Stored dataset items:
=== Begin Enclosure ===

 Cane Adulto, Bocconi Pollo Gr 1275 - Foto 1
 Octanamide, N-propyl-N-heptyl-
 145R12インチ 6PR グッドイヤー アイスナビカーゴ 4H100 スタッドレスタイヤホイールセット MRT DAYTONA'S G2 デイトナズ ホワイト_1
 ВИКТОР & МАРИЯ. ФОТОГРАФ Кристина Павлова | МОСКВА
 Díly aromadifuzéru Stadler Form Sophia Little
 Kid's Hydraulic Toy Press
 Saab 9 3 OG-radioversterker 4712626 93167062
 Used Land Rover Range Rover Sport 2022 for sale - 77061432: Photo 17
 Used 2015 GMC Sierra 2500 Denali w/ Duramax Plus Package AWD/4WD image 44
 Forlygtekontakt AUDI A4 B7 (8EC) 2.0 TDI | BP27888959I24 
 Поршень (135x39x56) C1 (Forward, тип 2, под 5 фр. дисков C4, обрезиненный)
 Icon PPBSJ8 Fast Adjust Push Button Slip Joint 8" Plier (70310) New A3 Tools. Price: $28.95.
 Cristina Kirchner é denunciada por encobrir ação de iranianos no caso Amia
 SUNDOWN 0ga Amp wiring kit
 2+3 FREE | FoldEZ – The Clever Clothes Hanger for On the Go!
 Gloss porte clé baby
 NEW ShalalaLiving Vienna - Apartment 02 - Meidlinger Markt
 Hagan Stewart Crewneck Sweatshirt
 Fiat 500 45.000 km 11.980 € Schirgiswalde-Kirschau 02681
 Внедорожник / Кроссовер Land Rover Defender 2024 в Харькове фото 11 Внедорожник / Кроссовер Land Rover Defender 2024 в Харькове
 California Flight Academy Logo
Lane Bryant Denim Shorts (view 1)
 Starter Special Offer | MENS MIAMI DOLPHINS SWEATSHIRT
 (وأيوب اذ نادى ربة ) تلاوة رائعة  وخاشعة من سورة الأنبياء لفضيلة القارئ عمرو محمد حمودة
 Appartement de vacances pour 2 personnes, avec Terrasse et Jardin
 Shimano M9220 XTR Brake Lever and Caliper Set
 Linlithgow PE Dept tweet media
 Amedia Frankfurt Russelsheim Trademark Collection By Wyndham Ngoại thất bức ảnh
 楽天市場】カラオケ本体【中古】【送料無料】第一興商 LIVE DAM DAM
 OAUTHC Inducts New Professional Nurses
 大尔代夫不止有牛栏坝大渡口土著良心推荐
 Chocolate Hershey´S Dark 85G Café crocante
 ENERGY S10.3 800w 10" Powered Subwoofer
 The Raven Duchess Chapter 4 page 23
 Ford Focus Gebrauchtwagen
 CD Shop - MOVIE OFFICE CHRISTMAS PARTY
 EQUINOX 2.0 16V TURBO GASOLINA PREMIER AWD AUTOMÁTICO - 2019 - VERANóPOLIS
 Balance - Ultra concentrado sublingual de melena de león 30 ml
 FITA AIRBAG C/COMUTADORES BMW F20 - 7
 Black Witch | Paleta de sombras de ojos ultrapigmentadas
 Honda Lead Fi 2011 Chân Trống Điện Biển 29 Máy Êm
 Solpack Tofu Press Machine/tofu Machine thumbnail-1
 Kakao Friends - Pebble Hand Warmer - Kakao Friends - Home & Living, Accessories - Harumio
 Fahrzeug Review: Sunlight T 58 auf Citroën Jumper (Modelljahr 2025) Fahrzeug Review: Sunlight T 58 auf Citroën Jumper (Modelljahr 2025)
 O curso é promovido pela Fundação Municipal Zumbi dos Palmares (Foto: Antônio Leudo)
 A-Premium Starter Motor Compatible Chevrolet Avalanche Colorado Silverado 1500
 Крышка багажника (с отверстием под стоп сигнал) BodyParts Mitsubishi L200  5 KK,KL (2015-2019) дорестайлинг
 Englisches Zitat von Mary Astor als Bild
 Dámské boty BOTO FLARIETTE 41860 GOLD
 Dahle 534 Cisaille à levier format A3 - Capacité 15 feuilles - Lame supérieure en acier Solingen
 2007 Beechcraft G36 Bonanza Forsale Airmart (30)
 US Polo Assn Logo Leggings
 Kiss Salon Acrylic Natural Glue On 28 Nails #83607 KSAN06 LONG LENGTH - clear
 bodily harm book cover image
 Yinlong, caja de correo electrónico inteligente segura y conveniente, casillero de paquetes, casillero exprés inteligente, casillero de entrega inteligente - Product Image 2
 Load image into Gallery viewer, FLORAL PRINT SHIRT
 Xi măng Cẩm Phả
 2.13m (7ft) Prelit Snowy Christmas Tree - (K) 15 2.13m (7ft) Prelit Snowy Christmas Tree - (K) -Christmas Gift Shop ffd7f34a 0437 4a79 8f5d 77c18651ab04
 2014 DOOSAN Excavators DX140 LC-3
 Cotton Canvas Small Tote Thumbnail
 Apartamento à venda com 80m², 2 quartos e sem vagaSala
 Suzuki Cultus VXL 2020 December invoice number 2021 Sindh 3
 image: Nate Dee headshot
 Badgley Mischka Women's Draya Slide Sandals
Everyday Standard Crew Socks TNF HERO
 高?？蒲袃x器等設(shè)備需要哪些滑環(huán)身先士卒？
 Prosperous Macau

=== End Enclosure ===

▶ [What to produce] Start at the first line of the data above. Stop after the line containing "Поршень (135x39x56) C1", reproducing each line exactly and adding nothing.

▶ [Answer area]
 Cane Adulto, Bocconi Pollo Gr 1275 - Foto 1
 Octanamide, N-propyl-N-heptyl-
 145R12インチ 6PR グッドイヤー アイスナビカーゴ 4H100 スタッドレスタイヤホイールセット MRT DAYTONA'S G2 デイトナズ ホワイト_1
 ВИКТОР & МАРИЯ. ФОТОГРАФ Кристина Павлова | МОСКВА
 Díly aromadifuzéru Stadler Form Sophia Little
 Kid's Hydraulic Toy Press
 Saab 9 3 OG-radioversterker 4712626 93167062
 Used Land Rover Range Rover Sport 2022 for sale - 77061432: Photo 17
 Used 2015 GMC Sierra 2500 Denali w/ Duramax Plus Package AWD/4WD image 44
 Forlygtekontakt AUDI A4 B7 (8EC) 2.0 TDI | BP27888959I24 
 Поршень (135x39x56) C1 (Forward, тип 2, под 5 фр. дисков C4, обрезиненный)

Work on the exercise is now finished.